(TASK OBJECTIVE) Please repeat word for word the line containing "And this is how" and every following line up to and including the last one below, pictures excluded.

(MATERIAL PROVIDED)
--*--

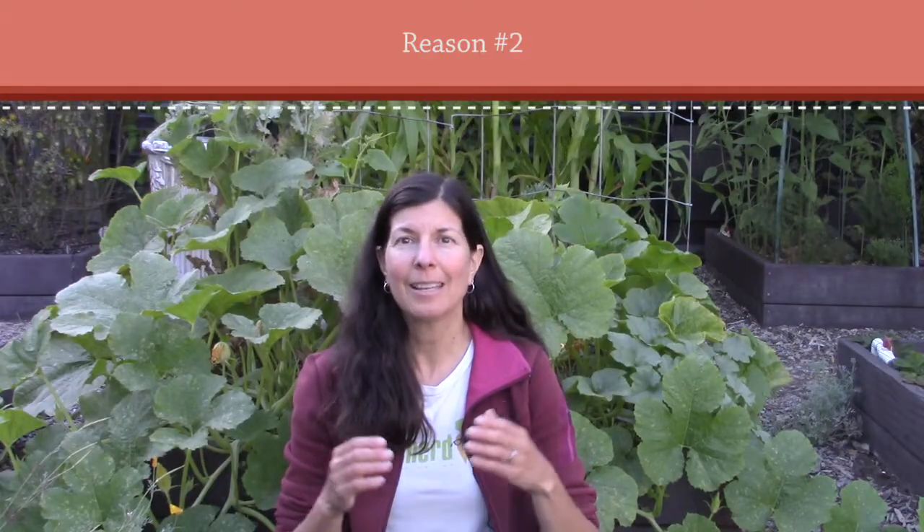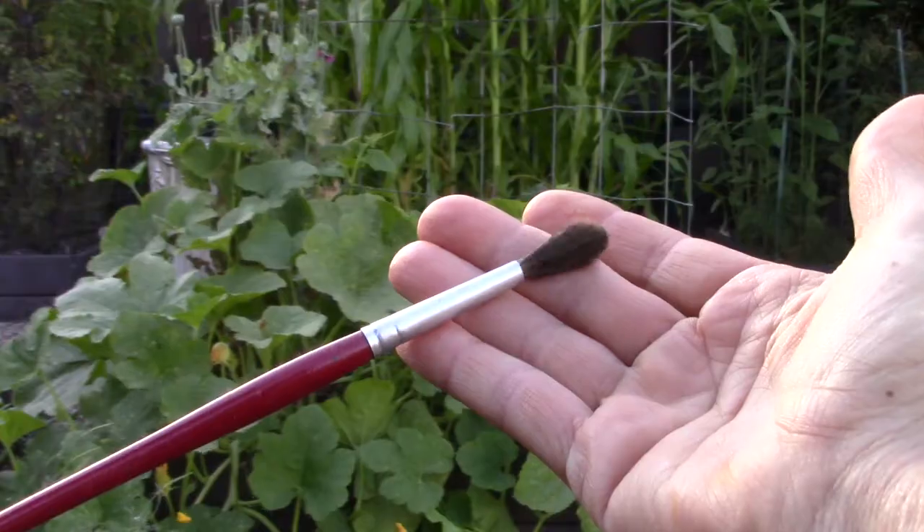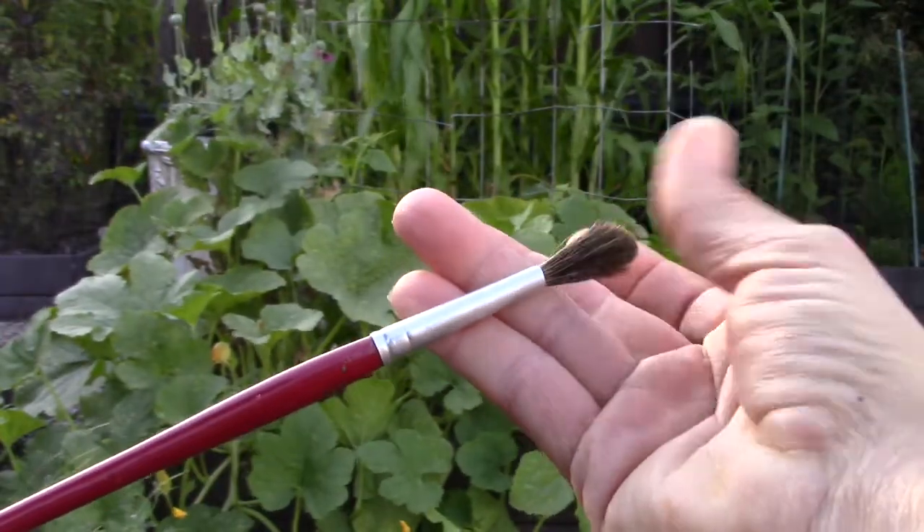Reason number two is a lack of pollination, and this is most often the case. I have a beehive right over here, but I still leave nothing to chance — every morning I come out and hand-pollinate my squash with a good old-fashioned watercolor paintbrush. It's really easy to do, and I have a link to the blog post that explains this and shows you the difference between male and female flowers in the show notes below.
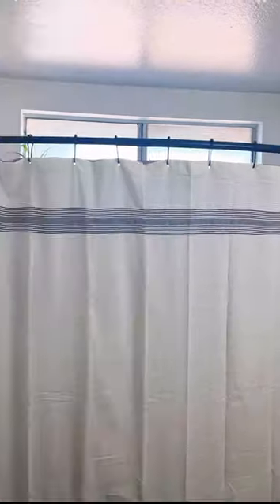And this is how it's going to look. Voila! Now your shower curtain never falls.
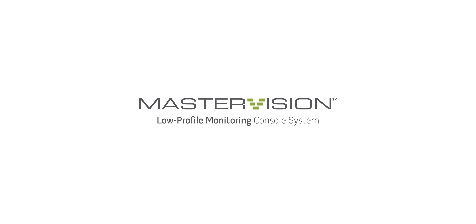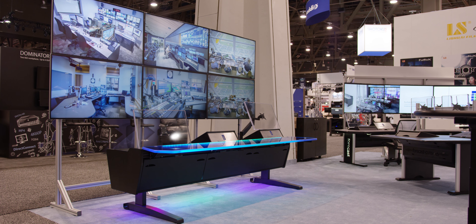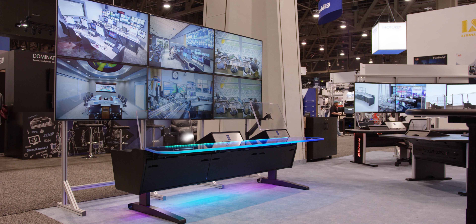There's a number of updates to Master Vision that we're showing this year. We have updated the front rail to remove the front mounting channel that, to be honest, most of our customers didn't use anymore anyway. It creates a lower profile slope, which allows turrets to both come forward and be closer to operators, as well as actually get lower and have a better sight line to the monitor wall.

--*--

(COMPLETED EXERCISE)
And this is how it's going to look. Voila! Now your shower curtain never falls.
There's a number of updates to Master Vision that we're showing this year. We have updated the front rail to remove the front mounting channel that, to be honest, most of our customers didn't use anymore anyway. It creates a lower profile slope, which allows turrets to both come forward and be closer to operators, as well as actually get lower and have a better sight line to the monitor wall.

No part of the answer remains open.